_Input material_.
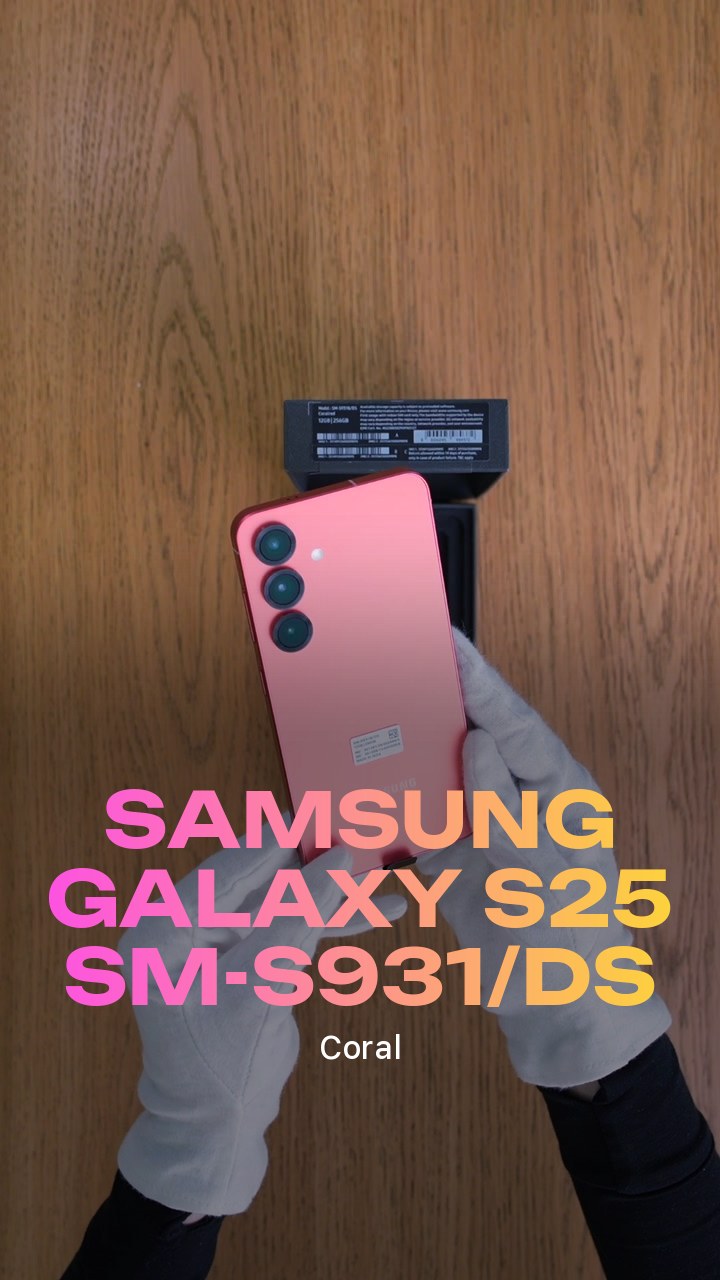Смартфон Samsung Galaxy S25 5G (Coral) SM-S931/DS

* * *

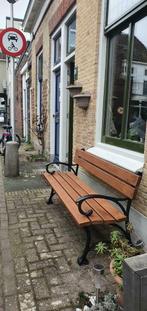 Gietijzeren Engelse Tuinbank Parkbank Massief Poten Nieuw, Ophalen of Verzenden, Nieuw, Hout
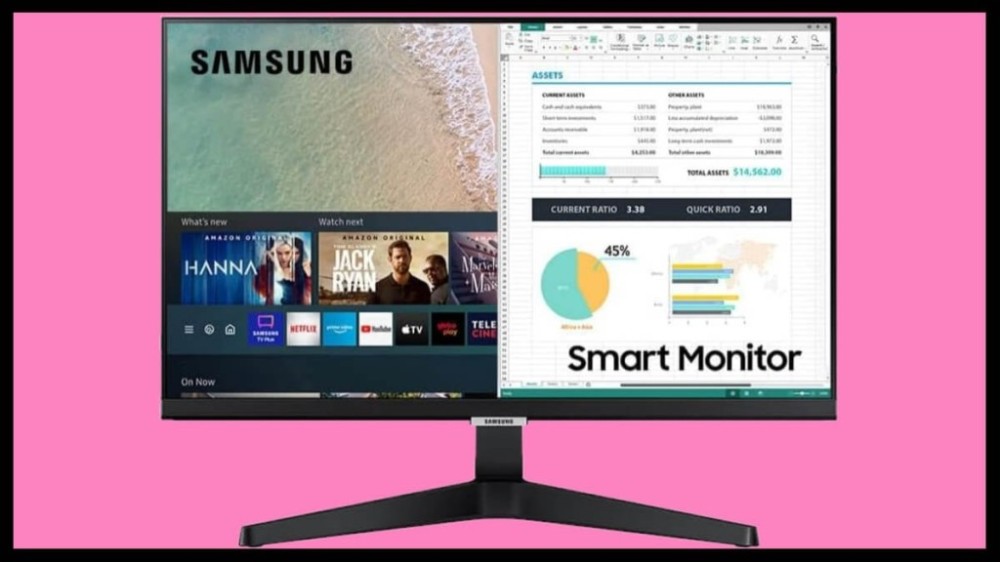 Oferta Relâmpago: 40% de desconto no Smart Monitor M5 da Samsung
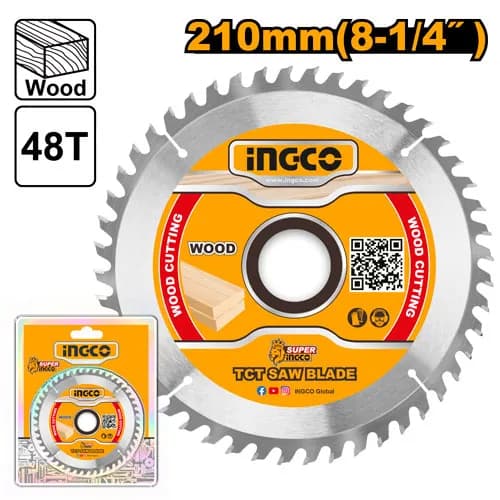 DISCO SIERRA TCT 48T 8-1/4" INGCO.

---

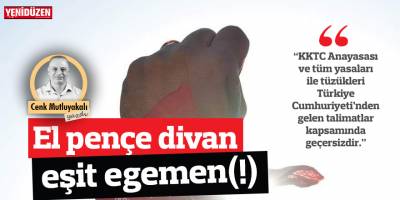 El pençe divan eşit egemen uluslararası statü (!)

_Task description_.
Starting at the line with "Gietijzeren Engelse Tuinbank" in the entries above, write out every line exactly until the line with "DISCO SIERRA TCT" has been written. Include no pictures and nothing more.

_Solution for this exercise_.
 Gietijzeren Engelse Tuinbank Parkbank Massief Poten Nieuw, Ophalen of Verzenden, Nieuw, Hout
 Oferta Relâmpago: 40% de desconto no Smart Monitor M5 da Samsung
 DISCO SIERRA TCT 48T 8-1/4" INGCO.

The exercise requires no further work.